Ski area hosting Aug. 29 open house to share 10-year vision with community
By Bob Berwyn
SUMMIT COUNTY — With major projects like Montezuma Bowl, Black Mountain Lodge and a new patrol headquarter all done, Arapahoe Basin is looking toward updating its master plan.
The long-term future could include a zipline tour to help boost summer business, as well as a potential expansion of lift-served skiing into the Beavers, just west of the existing Pali terrain.
The alpine terrain of the Beavers area has long been a favorite stash of sidecountry skiers who use A-Basin’s lifts to gain altitude, then leave the ski area through a backcountry access point to reach the area, subsequently skiing back down to Highway 6.
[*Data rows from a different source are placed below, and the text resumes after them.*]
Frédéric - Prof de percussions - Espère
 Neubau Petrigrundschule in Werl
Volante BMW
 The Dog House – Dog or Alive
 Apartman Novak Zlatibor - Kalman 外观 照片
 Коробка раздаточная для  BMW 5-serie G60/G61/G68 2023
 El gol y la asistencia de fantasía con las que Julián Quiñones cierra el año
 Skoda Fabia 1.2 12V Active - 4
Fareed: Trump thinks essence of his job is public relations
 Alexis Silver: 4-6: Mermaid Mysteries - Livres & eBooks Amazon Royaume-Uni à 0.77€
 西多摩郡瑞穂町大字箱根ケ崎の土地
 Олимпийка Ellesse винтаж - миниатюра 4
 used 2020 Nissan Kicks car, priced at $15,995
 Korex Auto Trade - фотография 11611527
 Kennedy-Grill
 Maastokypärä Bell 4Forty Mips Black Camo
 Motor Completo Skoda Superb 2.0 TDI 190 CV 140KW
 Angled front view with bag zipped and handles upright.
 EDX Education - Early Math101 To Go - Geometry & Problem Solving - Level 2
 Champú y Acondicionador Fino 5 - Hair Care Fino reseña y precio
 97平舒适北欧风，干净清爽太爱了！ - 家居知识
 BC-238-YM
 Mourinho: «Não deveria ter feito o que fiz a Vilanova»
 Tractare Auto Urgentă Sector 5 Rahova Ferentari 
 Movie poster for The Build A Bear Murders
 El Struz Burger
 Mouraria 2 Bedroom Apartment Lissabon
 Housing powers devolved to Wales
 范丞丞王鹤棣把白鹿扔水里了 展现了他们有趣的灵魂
A-Basin general manager and COO Alan Henceroth said the project could include figuring out a way for skiers to traverse back to the base of Pali from the bottom of the Beavers. Read Henceroth’s blog post about the master plan here.
Other enhancements could include a surface lift to ease the trip from the top of Lenawee to Montezuma Bowl, as well as an upping water storage for snowmaking.
Henceroth said the Beavers expansion would encompass about 400 acres, served by one new lift. The terrain would include a good chunk of intermediate skiing as well as some areas that would still be accessed by hiking. The Steep Gullies would be incorporated into the ski areas as double-black diamond extreme terrain.
The new master plan is nearing completion and Henceroth said he wants some community feedback before submitting it to the Forest Service. To that end, A-Basin will host an Aug. 29 open house, 5:30 to 7:30 p.m. at the Keystone Center (628 Sts. John Road in Keystone, Colorado). Forest Service staff from the Dillon Ranger District will also be on hand to answer questions.
Ski area master plans are updated about every 10 years. Since about five years ago, the plans are not developed under strict federal environmental laws that require alternatives and extensive public involvement.
Instead, the plans are seen as vision documents developed in partnership with the Forest Service. Some — but not all — resorts include community input as part of the planning process.
The Forest Service can accept the plan without formal opportunity for public involvement, but any subsequent site-specific implementation of projects does require formal review under the National Environmental Policy Act (NEPA).
Other than blips like last season’s low-snow winter, A-Basin has seen visitation grow steadily in the past 10 years. The ski area benefits from a ticket and marketing partnership with Vail Resorts and from owners willing to invest in improving the skiing experience.
A-Basin is owned by Dundee Resort Development, a U.S. subsidiary of the Canadian company, Dundee Realty, which, according to its website, provides real estate services – including property management and leasing – to more than 30 million square feet of office, industrial and retail properties across Canada.
Dundee has owned A-Basin since 1997 when A-Basin was in play as part of the merger between Vail Resorts and Ralston Corp. Since then, the company has invested millions in upgrading A-Basin, including new lifts and lodges and expanded parking, as well as snowmaking that helped put the ski area on par with its bigger resort neighbors in Summit County.
With the help of snowmaking, and because of its high elevation, A-Basin is often one of the first North American ski areas to open and the last to close.